3. The system of claim 2 wherein said fixed body further comprises a second spool with a second axis orthogonal said hinge axis and parallel said first axis.

4. The system of claim 3 wherein said cord is set below the first spool and routed above the second spool.

5. The system of claim 4 wherein said first spool is free to drop along a vertical route within said fixed body.

6. The system of claim 5 wherein said first spool is slidably engaged into a vertical channel within the fixed body.

7. The system of claim 6 wherein said first spool is biased downward.

8. The system of claim 4 wherein the system comprises a contracted state wherein the first spool is positioned in a low position within the fixed body, and an extended state wherein the first spool is in a position higher than said low position.

9. The system of claim 2 wherein said extending body comprises a second spool with a second axis orthogonal said hinge axis and parallel said first axis.

10. The system of claim 9 wherein said cord is set below the first spool and routed above the second spool.

11. The system of claim 1 wherein said fixed body is free to rotate horizontally relative the vertical support along hinge axis.

12. The system of claim 1 wherein said cord comprises a free end fixed at one end relative the extending body, said free end terminating is said charging coupler.

13. The system of claim 12 wherein said free end comprises a length that is less than a distance from a location at which the free end is fixed to the extending body and a floor below said system.

14. A method of supporting a charging cable above the ground, said method comprising the steps of: hingedly coupling a fixed body to a vertical support via a hinge having a hinge axis; slidably coupling an extending body with the fixed body; setting a cord set in and through the fixed body and passing out of the extending body; whereby the cord includes a charging coupler at a far end extended out of the extending body.

15. The method of claim 14 further comprising the step of fixing a length of free end of cord at a far end of the extending body.

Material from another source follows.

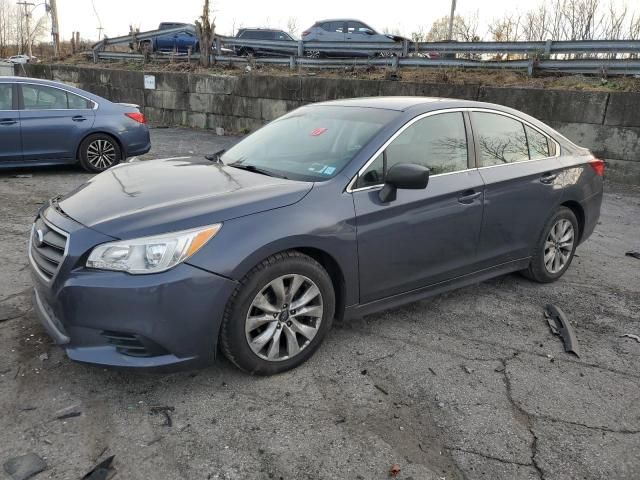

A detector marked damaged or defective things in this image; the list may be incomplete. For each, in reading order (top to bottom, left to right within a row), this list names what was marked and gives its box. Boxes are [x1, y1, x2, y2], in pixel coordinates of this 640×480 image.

cracked pavement [0, 128, 636, 480] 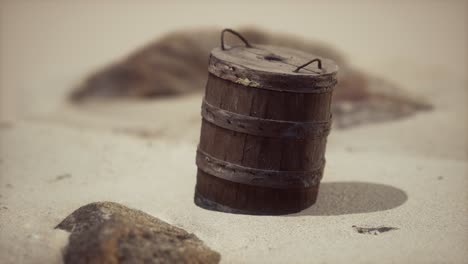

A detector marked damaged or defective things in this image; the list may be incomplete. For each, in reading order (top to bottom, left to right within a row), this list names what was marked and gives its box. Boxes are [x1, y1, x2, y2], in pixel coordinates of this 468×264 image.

16. The method of claim 15 whereby the length of the free end of the cord is less than the height of a coupler fixing a relative height of a cord outlet from the extending body.

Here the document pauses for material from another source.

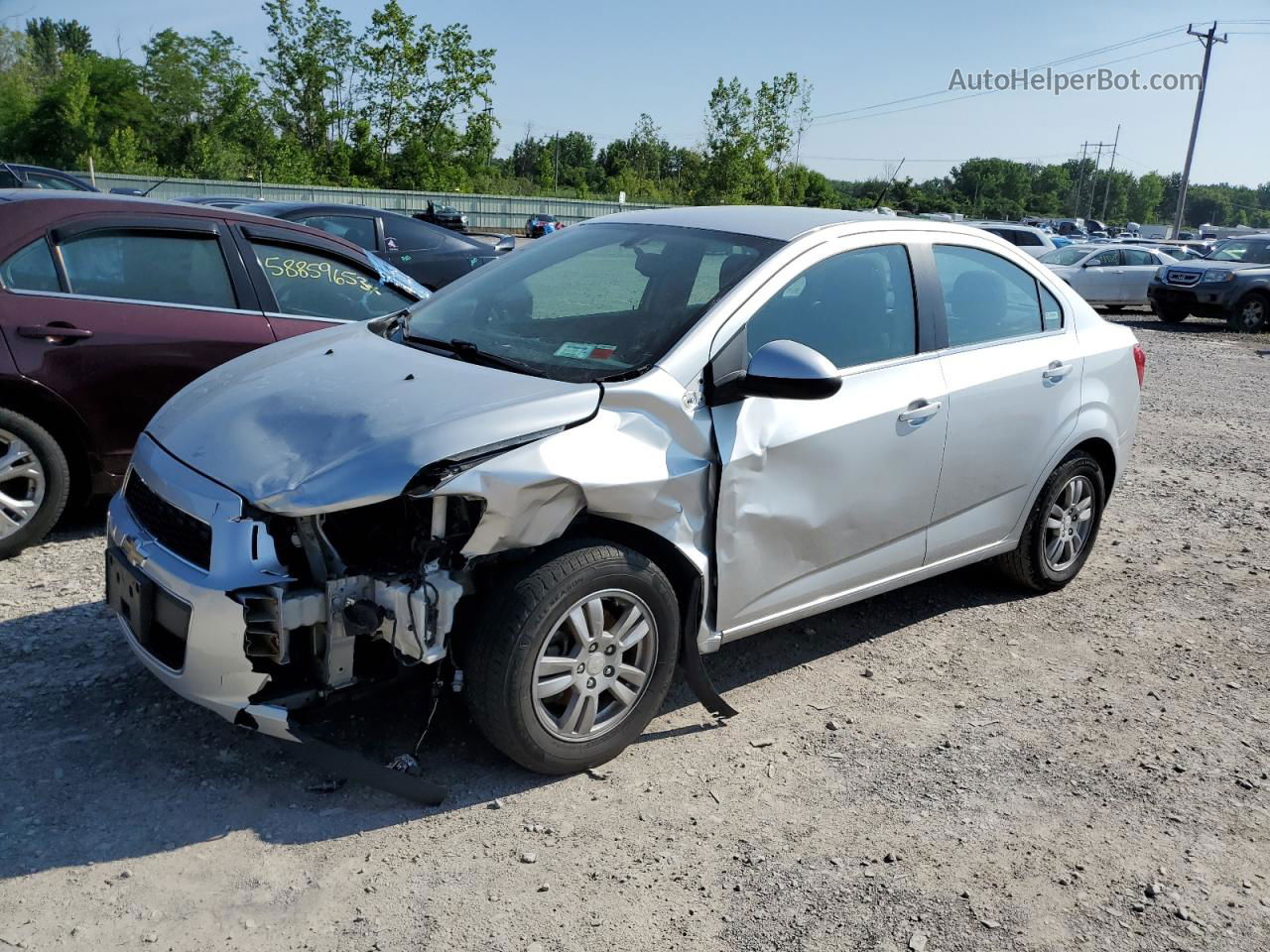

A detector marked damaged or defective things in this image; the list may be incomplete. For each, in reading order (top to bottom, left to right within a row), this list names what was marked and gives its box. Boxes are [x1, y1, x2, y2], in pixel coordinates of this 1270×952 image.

damaged hood [147, 321, 603, 512]
crumpled front bumper [106, 432, 300, 746]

17. The method of claim 14 comprising the step of storing the cord via rotating the fixed and extending ends along the hinge axis to place the fixed body flush with a wall.

18. The method of claim 17 further comprising the step of displaying the cord via rotating the fixed and extending bodies in unison away from the wall.

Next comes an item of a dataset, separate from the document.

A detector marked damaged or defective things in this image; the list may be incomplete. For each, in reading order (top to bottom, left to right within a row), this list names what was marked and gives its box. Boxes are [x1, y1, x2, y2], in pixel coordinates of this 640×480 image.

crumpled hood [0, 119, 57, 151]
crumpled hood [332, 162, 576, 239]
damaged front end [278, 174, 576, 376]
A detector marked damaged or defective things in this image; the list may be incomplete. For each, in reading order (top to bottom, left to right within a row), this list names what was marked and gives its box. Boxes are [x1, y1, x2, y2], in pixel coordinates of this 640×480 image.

19. The method of claim 18 further comprising the step of sliding the extending body away from the wall.

20. The method of claim 19 whereby said step of sliding does not alter a length of free end of cord emanating from the extending body.

Description

BRIEF DESCRIPTION OF THE FIGURES

[0053] The present invention will be described with greater specificity and clarity with reference to the following drawings, in which:

[0054] FIG. 1 illustrates a perspective view of the system in retracted state displayed perpendicularly from wall.

[0055] FIG. 2 illustrates a partially see-through side view of the system in retracted state displayed perpendicularly from wall.

[0056] FIG. 3 illustrates a perspective view of the system in extended state displayed perpendicularly from wall.

[0057] FIG. 4 illustrates a partially see-through side view of the system in extended state displayed perpendicularly from wall.

[0058] FIG. 5 illustrates a perspective view of the system in retracted state folded to flush or parallel with wall.

[0059] FIG. 6 illustrates a perspective view of the system in retracted state displayed perpendicularly from wall.

[0060] FIG. 7 illustrates a perspective view of the system in extended state displayed perpendicularly from wall.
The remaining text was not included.